Original post 6 April: Two British women died this evening after they got into difficulty in the water at Playa Paraiso. Emergency services activated ambulances, a helicopter, police and bomberos after receiving reports at 6pm that five people were in difficulty. They arrived to find that two women and two children had already been pulled from the water by the public; a third woman was found by the helicopter and discovered to be in cardiac arrest, and paramedics tried to resuscitate her as they flew her to land. A doctor from a local health centre also attended the scene along with another doctor there by chance, but despite their efforts, they could do no more than confirm the death at the scene of the woman rescued by helicopter and one of the two rescued by the public. The two fatalities were 40 and 43 years old; the third woman was 38 years old; she, together with a 10-year-old child, was transferred to Hospiten Sur where they are said not to be seriously ill. A 14-year-old child was treated at the scene for minor injuries. No doubt there will be further details in due course.


  1. Author

    Yes, it’s in most of the British press now, including the BBC and the Daily Mail. The Telegraph today is reporting a “hero” British holidaymaker from a nearby hotel who is said to have jumped in to save the children (link). All very sad indeed.
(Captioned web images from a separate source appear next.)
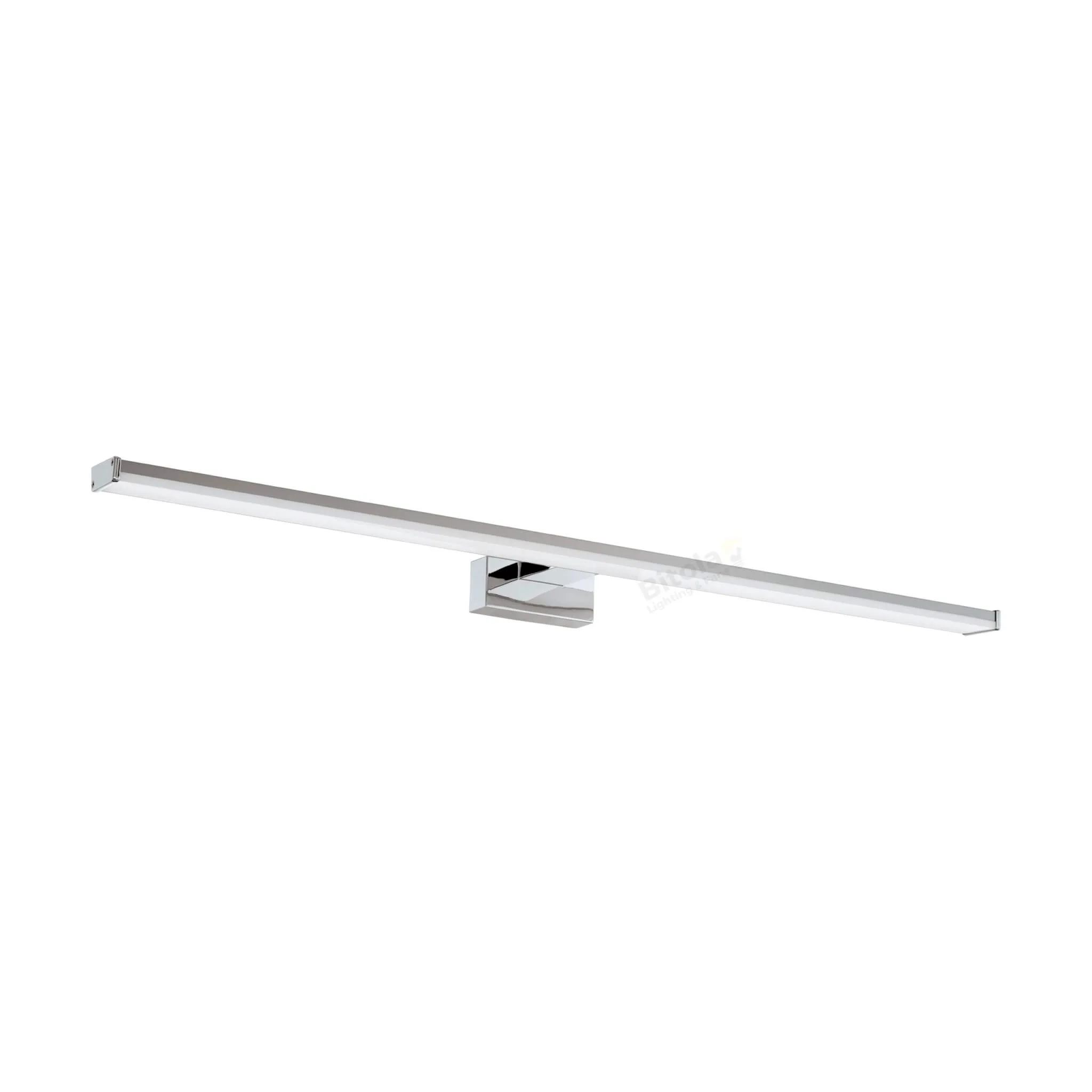 Eglo Pandella 1 Chrome 780mm 14w LED Bathroom Vanity Mirror Light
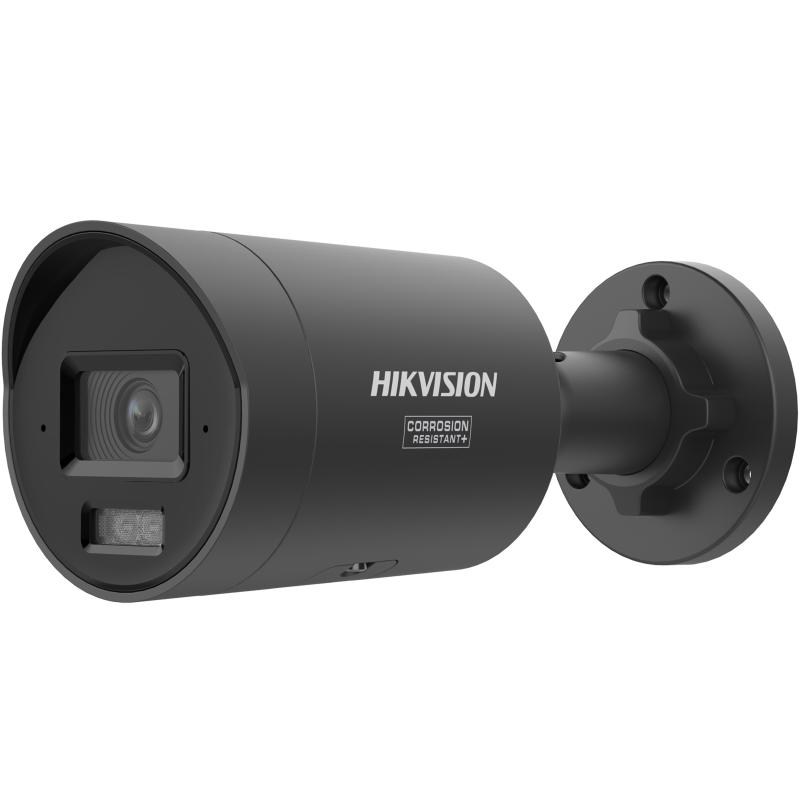 CAMERA IP BULLET 4MP 2.8MM IR 40M NEGRU "DS-2CD2047G3-LI2UY(2.8MM)/BK" (timbru verde 0.8 lei)
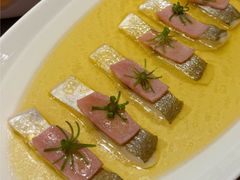 火腿鸡油蒸白水鱼-云锦壹号·淮扬宴(徐汇万科店)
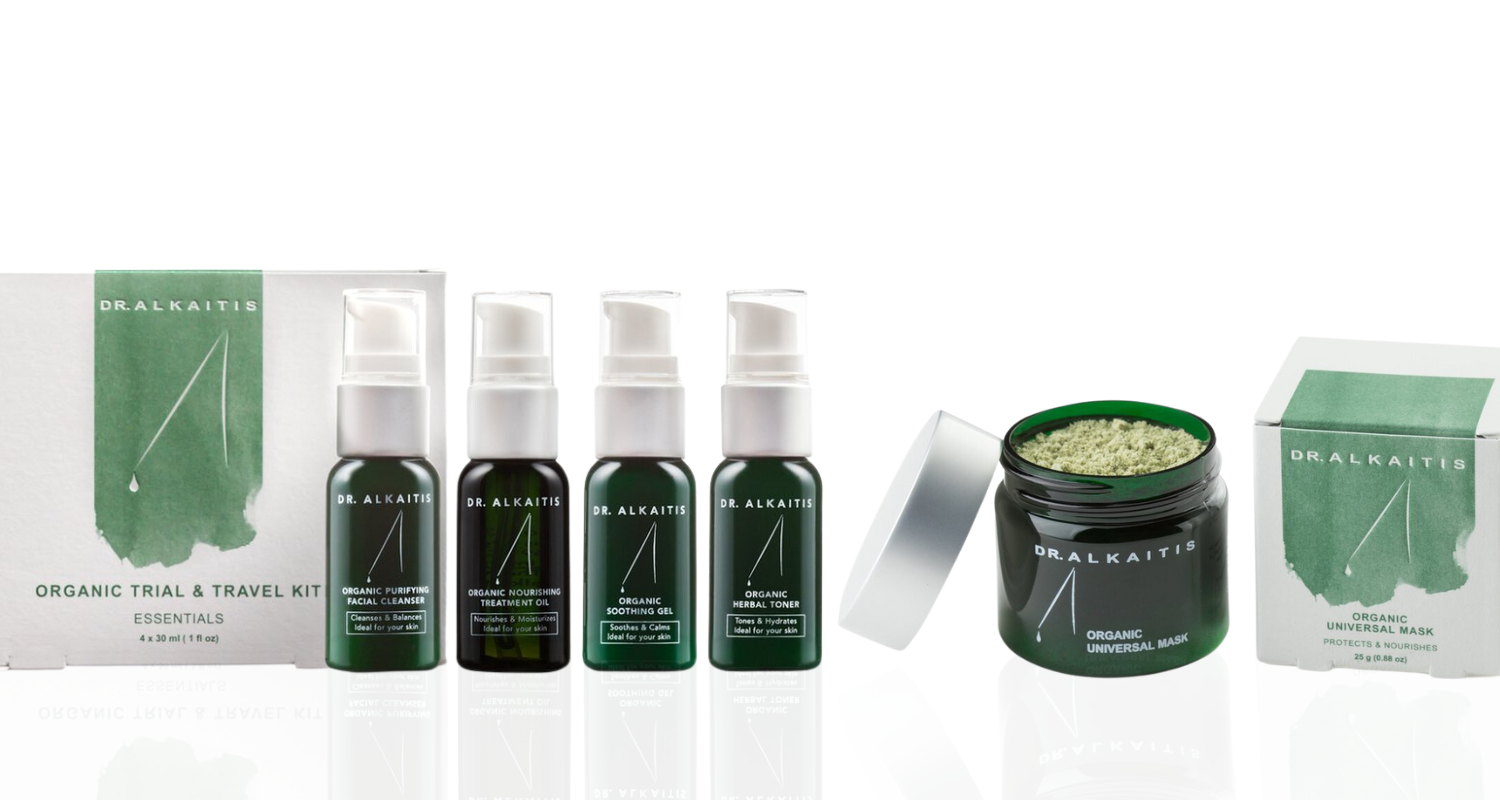 Back To School Bundle - Dr. Alkaitis Organics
  2. We live in Playa Paraiso near where this terrible accident happened. I wasn’t there so don’t know all the details, but I can say that when the sea is rough with winds from the west, the police bar off entrances to the rocks. This does not stop people from jumping over the barriers to watch the waves. This winter we saw two small children playing by a very rough sea on the Punta Negra rocks in Playa Paraiso while their parents were drinking beer above. It took very strong words from a restaurant owner to make these parents aware of the danger.